Study Questions: Week Eleven
Summing Up: Demythologizing American Popular Culture
The Gangs of New York (2002)
In The Gangs of New York, Scorsese goes back to the mid-Nineteenth Century and employs the conventions of the gangster film in order to make the connections between the gangster and the racial, ethnic, and political influences which was shaping American culture. In doing so, he comments on the more idealized conception as the "mixing pot" in which immigrants from many backgrounds arrived in the New World and created a common culture shaped by democratic ideas.
1. In the film's opening sequence, how does Scorsese use visual imagery, characters, and plot to dramatize the conflict between religious and the tendency to violence seen in his earlier films?
2. How does Amsterdam Vallon (Johnny Depp) represent the combination of Protestant Nativism and Catholic immigrants? Consider his background, education, and association with "Butcher" Bill (Daniel Day Lewis)? How does his name reflect that mingling of ethnic backgrounds?

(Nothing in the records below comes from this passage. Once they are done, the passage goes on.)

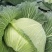 精品莲花白甘蓝包菜货源充足量大从优质量保证欢迎咨询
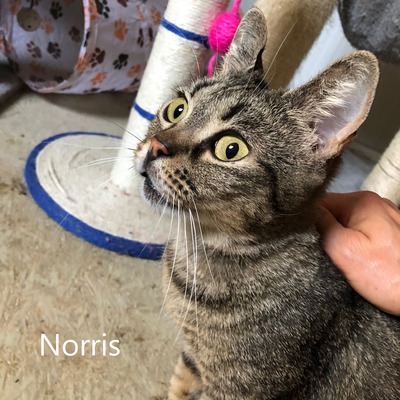 Norris, geb. 2020, sucht liebevolles Zuhause, EKH - Katze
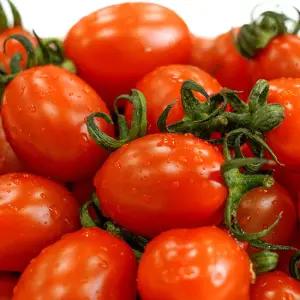 프레시 품질보장 고당도 대추 방울토마토 5kg 로얄과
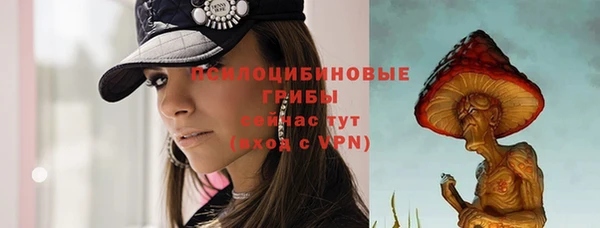 ПСИЛОЦИБИНОВЫЕ ГРИБЫ Алексин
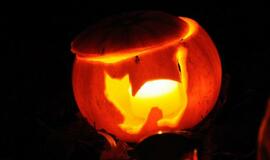 Moliūgų šventė Klaipėdoje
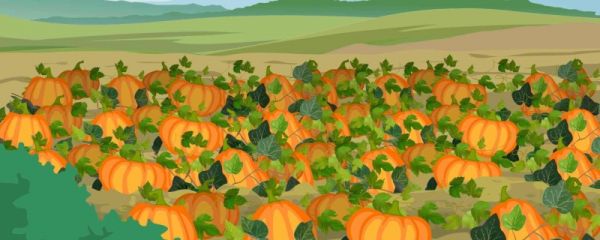 万圣节送什么礼物比较好 万圣节前夕一般做什么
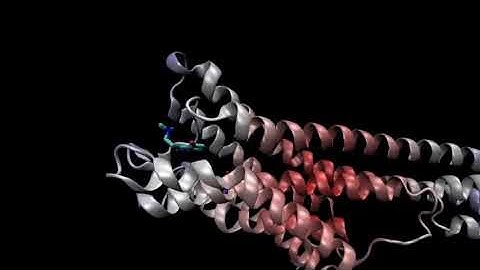 Psilocybin/Psilocin Binding to 5-HT2A Receptor (Molecular Dynamics)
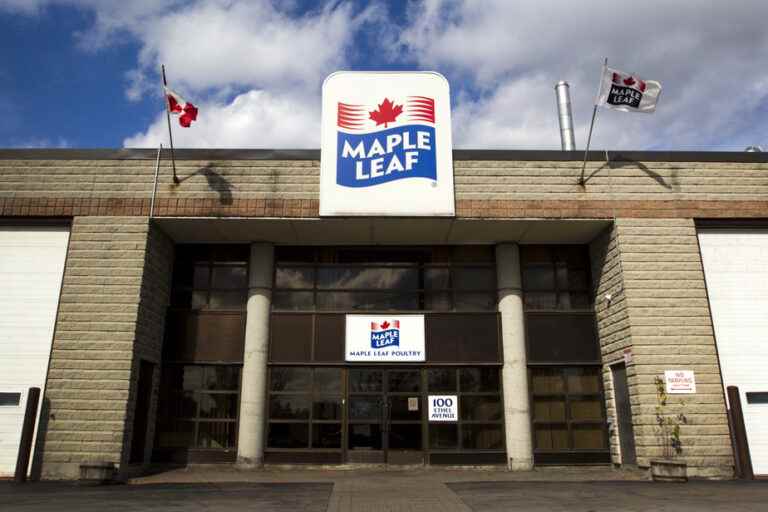 Maple Leaf Foods |  Disappointing second-quarter results drag stock down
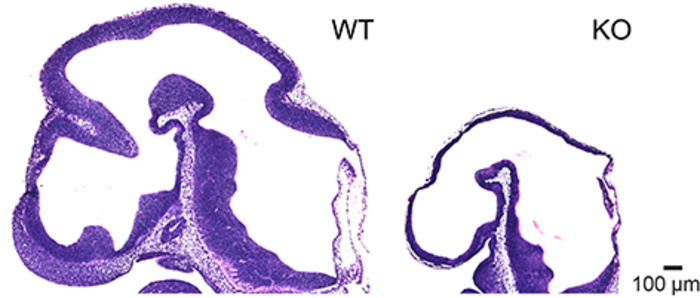 Histological analysis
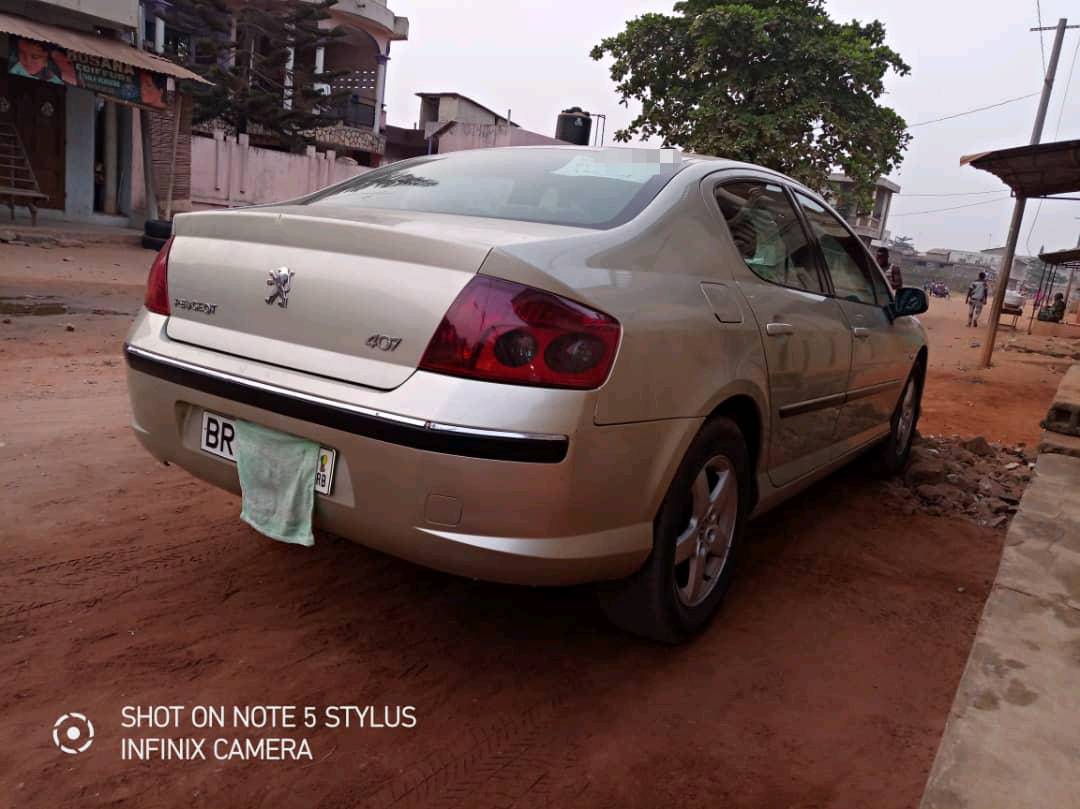 Peugeot 407 2007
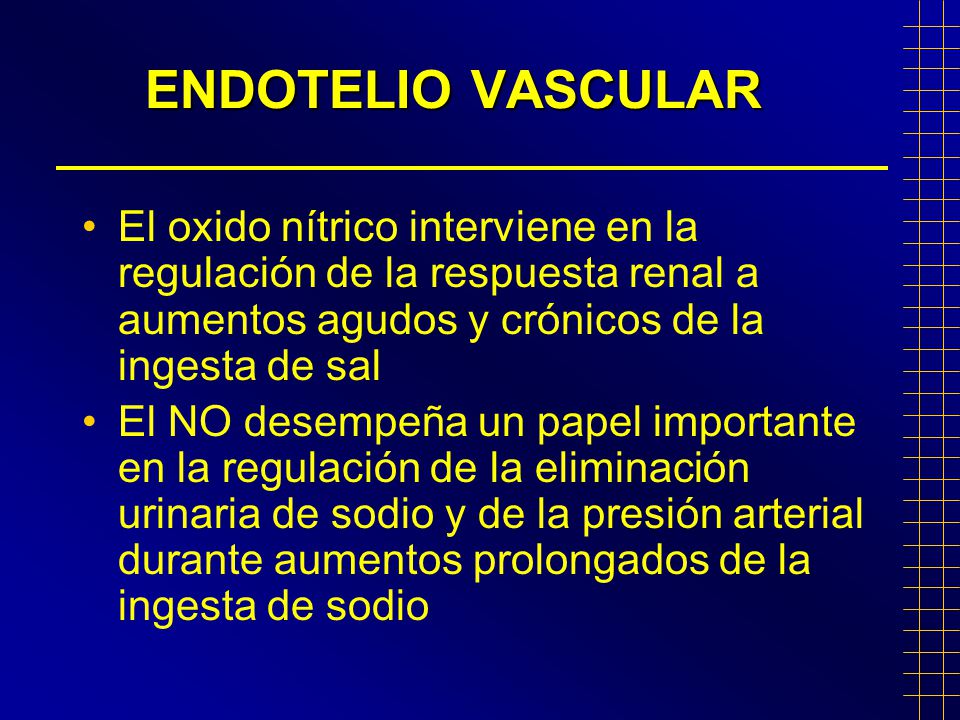 ENDOTELIO VASCULAR El oxido nítrico interviene en la regulación de la respuesta renal a aumentos agudos y crónicos de la ingesta de sal.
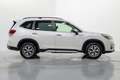 Subaru Forester 2.0i Hybrid Executive Plus CVT Blanco - thumbnail 7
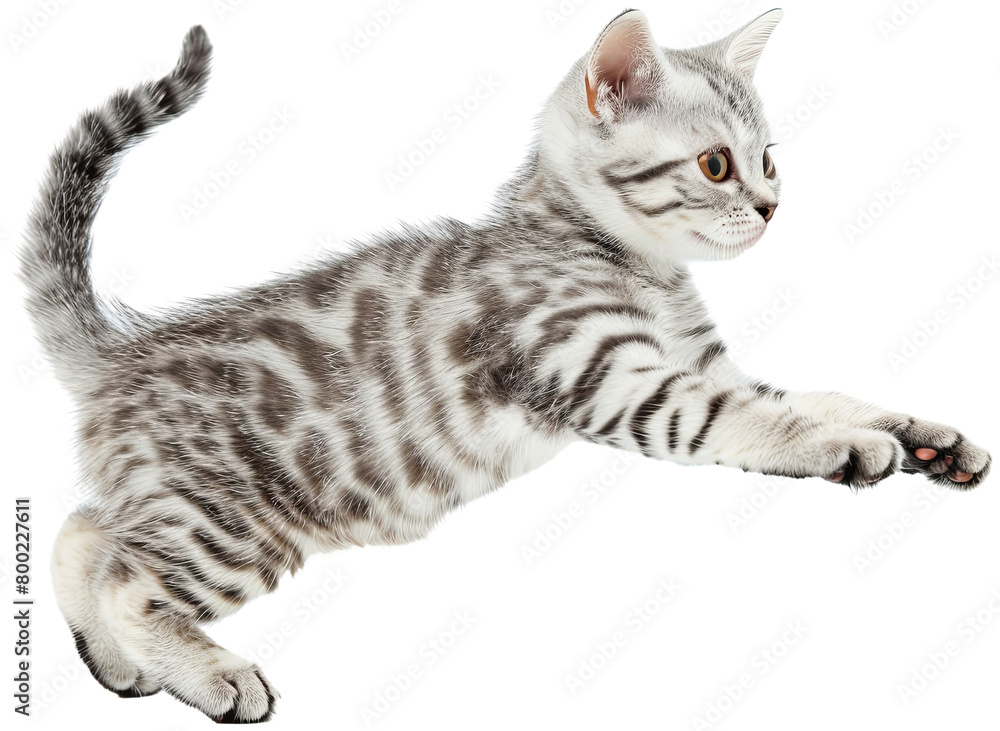 Cat jumping illustration PNG element cut out transparent isolated on white background ,PNG file ,artwork graphic design.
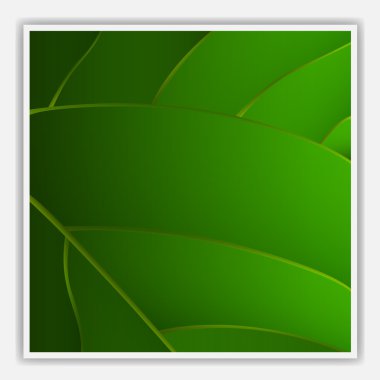 Creative leaf background clipart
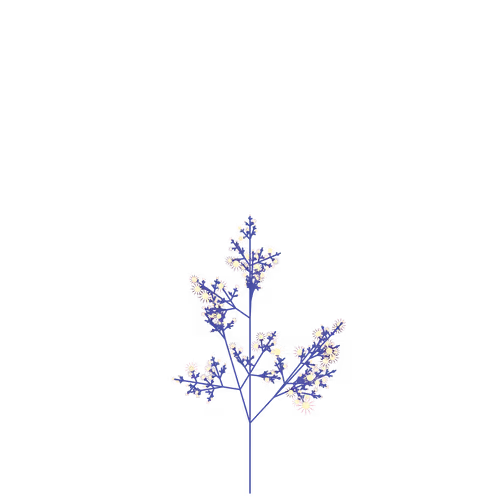 Elven Bloom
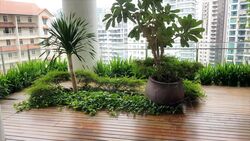 Skypark @ Somerset (D9), Apartment #357207681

3. When Amsterdam leaves the Hellgate school he finds the "country torn apart by civil strife". In what other ways does the film equate the battles of the gangs with the Civil War? Why?
4. The dress of the fighters and the battle between the Natives and the Irish has the look of a medieval war. How is the theme of the film reflected in this bloody scene?
5. Boss Tweed aids the Irish to secure political power while the Reformers wish to save their souls. Who actually does more for the immigrants? Why?
6. "Butcher" Bill believes that "civilization is crumbling," while Boss Tweed says Bill, in refusing to work with the Irish, has turned [his] "back on the future." What do the two mean in making these comments, and how do they reinforce the films central theme?
7. What is the film's attitude toward the draft (often called the "copperhead") riots. Is it sympathetic to the draft eligible rioters? Why? Why not?
8. Gangs is full of spectacular scenes, but the narrative structure often seems rather incoherent. Pick out a few of the spectacles, and note problems you see in the plot.
9. How do the historical characters (Boss Tweed, Horace Greely, P.T. Barnum) seem to represent the future? How is that future reflected in Jenny's (Cameron Diaz) decixion to heat West to California?
10. As the film ends Amsterdam says that every thing in his era has been forgoten, "like we wasn't there.: and the film ends with a series of overlapping dissolves that transform the New York into a twentieth-century city. What is the thematic significance of this ending?